3 Tips Parents Should Know about Surrogacy Contracts

Key Tips for Parents on Surrogacy Contracts: Egg Donor Insights

When hiring a surrogate mother to help you become parents, it’s not just a handshake.  There are some legal things you are will need to consider:

  • You are becoming a parent, with all the legal responsibilities of parenting.
  • You are entering into a legal contract.
  • You are legally hiring somebody.

That’s a whole lot of legal going on. Here are a few things you should know.

Location

Contracts Are not valid everywhere, so be careful. Michigan banned them in 2007.  All contracts in Michigan are void and unenforceable. Just being party to a surrogacy contract could win you a fine up to $10,000 and up to a year in jail.

If you are from Michigan, you’ll have to move before signing a surrogacy contract.  And you’ll want to avoid hiring a surrogate from that state.

Michigan is not the only state to void surrogacy contracts.  It’s just the worst. Some others ban them, and many others simply have no legal framework. That means you have no protection, because you have no idea what a court might say.

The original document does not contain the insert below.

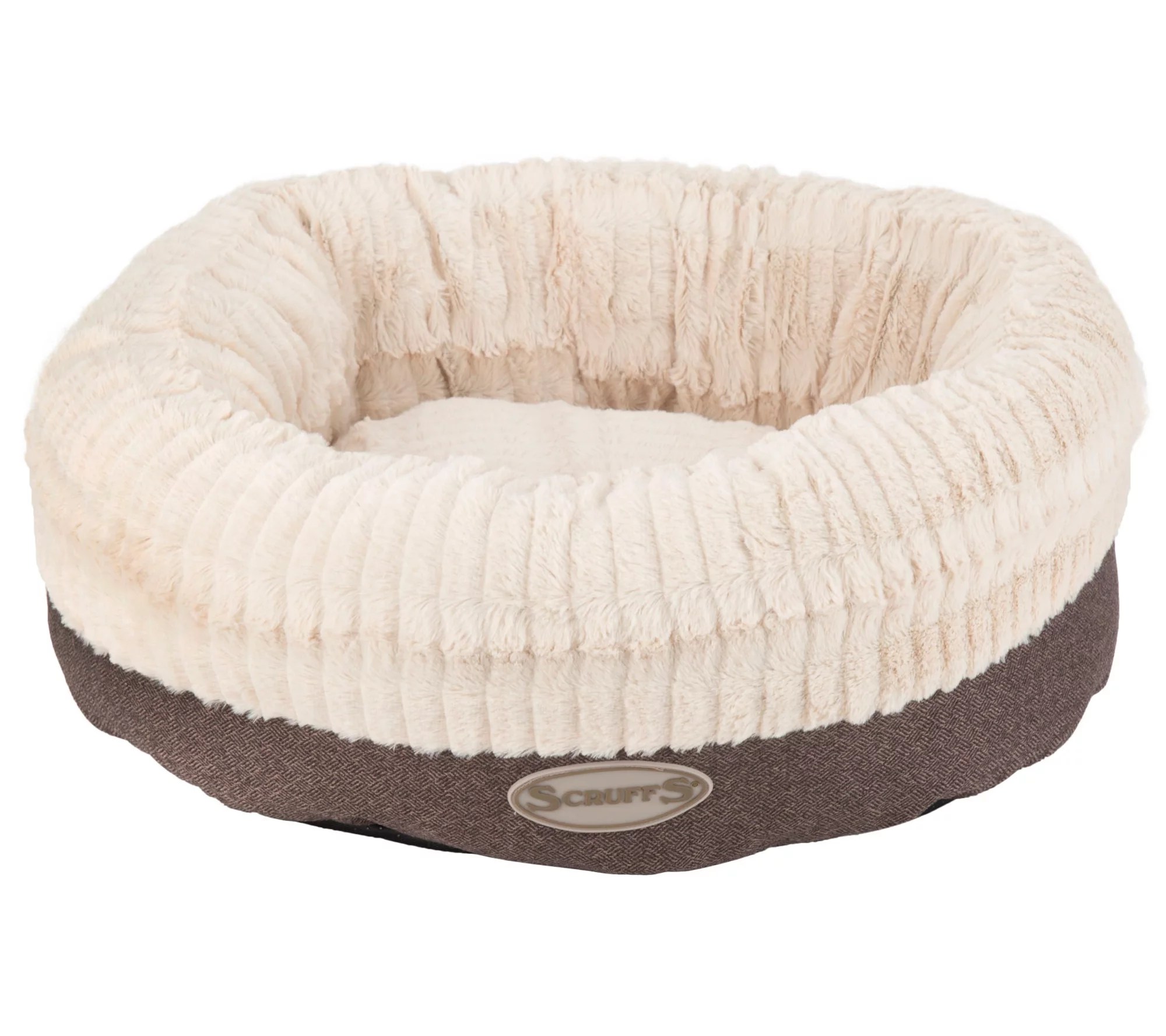 Scruffs Ellen Medium Donut Dog Bed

The solution is to come to Florida. We not only have legal surrogacy, but a very robust legal framework designed to protect all parties to a surrogacy arrangement.

Identifying the parents

Probably the most important element in a surrogacy contract is the section stipulating what happens to the child, or what can happen to the child.  For instance, you want to make sure that when the child is born, you become the legal parents.

This works differently in different states.  Where there is a legal framework in place, this is not an option. The intending parents have rights. The surrogate mother has rights.  These are clearly stated.  However, in states where the law is silent, you had best have a strong clause to make sure the baby is yours.

In some states, you can arrange pre-planned adoption, which means that you adopt the child upon its birth.  This replaces a surrogacy agreement…and yet, it does not.  This merely ensures the child will be yours when born.

The legal stuff

To answer the obvious, you must have a contract.

To answer the next obvious, nobody will make you hire an attorney, but you would be foolish not to. You leave yourself open to too many risks representing yourself.

To answer the somewhat less obvious question, no, you cannot have the same representation as the other party. The surrogate and the intended parents must each have their own representation to avoid a gross conflict of interest.

Lawyers are there not just to iron out contract details, but also to see the “adoption” at the end of the pregnancy through. That is the legal process that formally gives parental custody to the intended parents.

Normally, the intended parents pay for both parties’ legal costs, just as they pay for any other costs involved in creating their child.